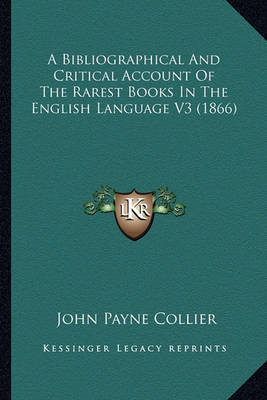 A Bibliographical and Critical Account of the Rarest Books in the English Language V3 (1866) on Paperback by John Payne Collier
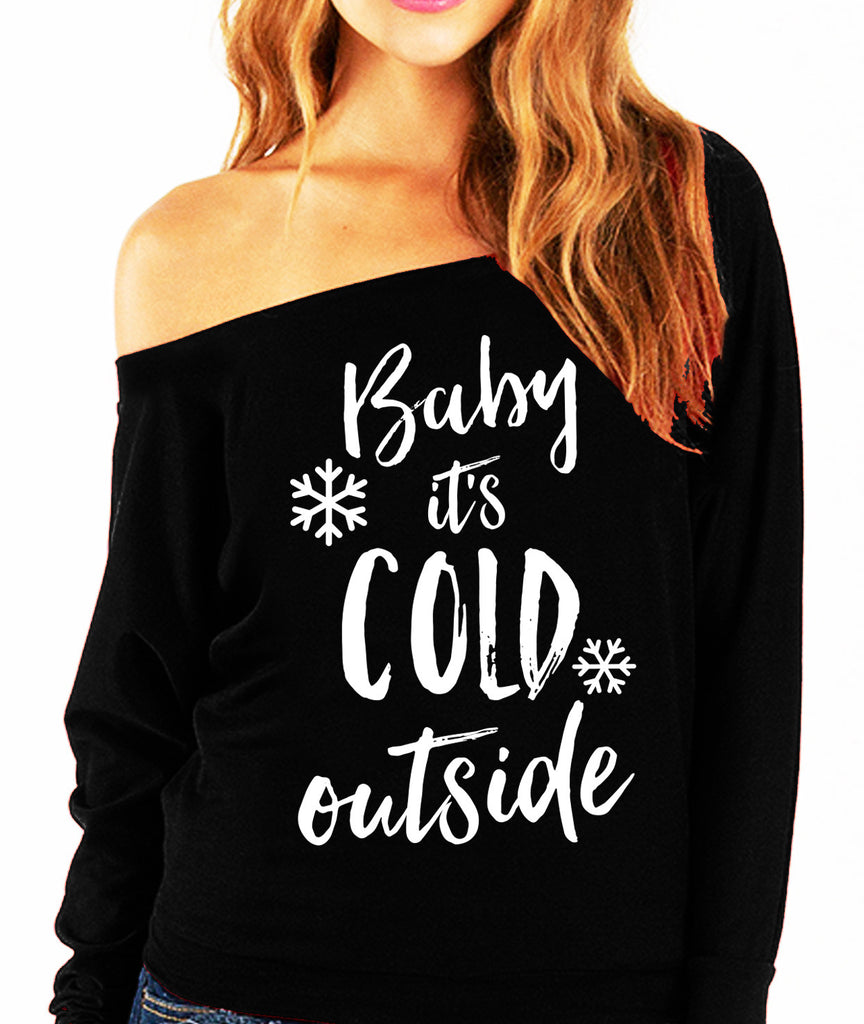 Baby It's Cold Outside Slouchy Sweatshirt - Pick Color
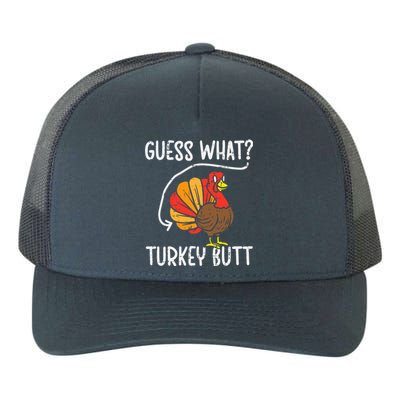 Guess What Turkey Butt Funny Thanksgiving Yupoong Adult 5-Panel Trucker Hat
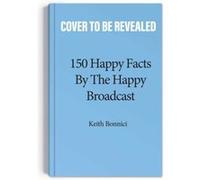150 Happy Facts by The Happy Broadcast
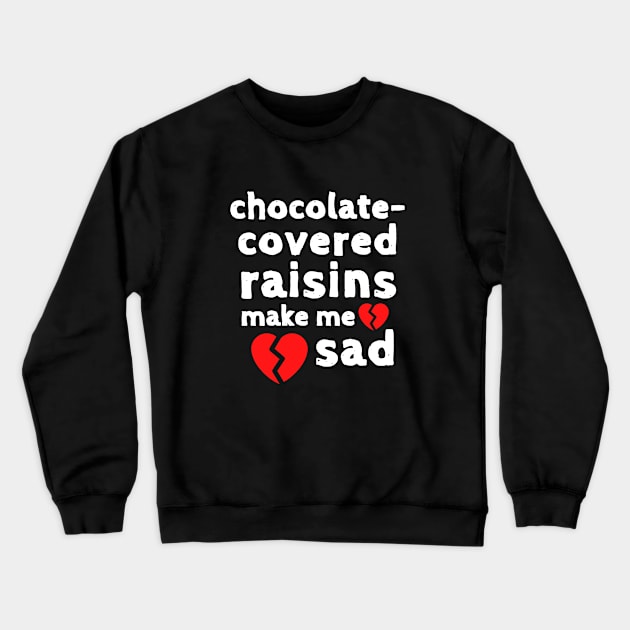 Chocolate Raisins Make me Sad Cute Funny Shirt Sweet Dessert Laugh Joke Food Hungry Snack Gift Sarcastic Happy Fun Introvert Awkward Geek Hipster Silly Inspirational Motivational Birthday Present Crewneck Sweatshirt by EpsilonEridani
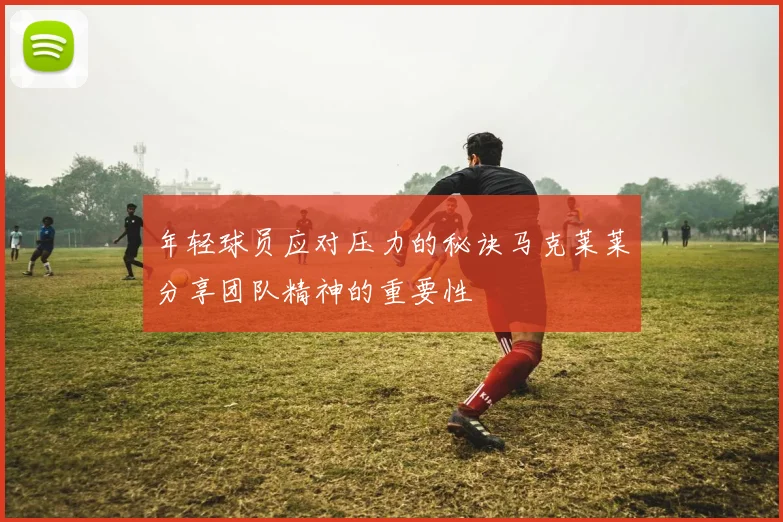 年轻球员应对压力的秘诀马克莱莱分享团队精神的重要性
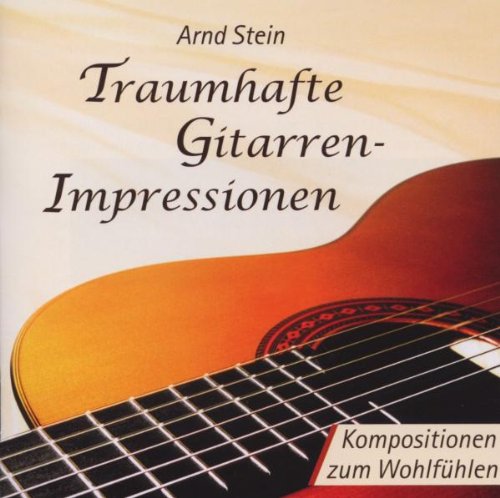 Stein , Arnd - Traumhafte Gitarren-Impressionen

+---+

> [WHAT TO PRODUCE]
The result should be a verbatim copy of the data, free of pictures.

> [RESULT BELOW]
 A Bibliographical and Critical Account of the Rarest Books in the English Language V3 (1866) on Paperback by John Payne Collier
 Baby It's Cold Outside Slouchy Sweatshirt - Pick Color
 Guess What Turkey Butt Funny Thanksgiving Yupoong Adult 5-Panel Trucker Hat
150 Happy Facts by The Happy Broadcast
 Chocolate Raisins Make me Sad Cute Funny Shirt Sweet Dessert Laugh Joke Food Hungry Snack Gift Sarcastic Happy Fun Introvert Awkward Geek Hipster Silly Inspirational Motivational Birthday Present Crewneck Sweatshirt by EpsilonEridani
 年轻球员应对压力的秘诀马克莱莱分享团队精神的重要性
 Stein , Arnd - Traumhafte Gitarren-Impressionen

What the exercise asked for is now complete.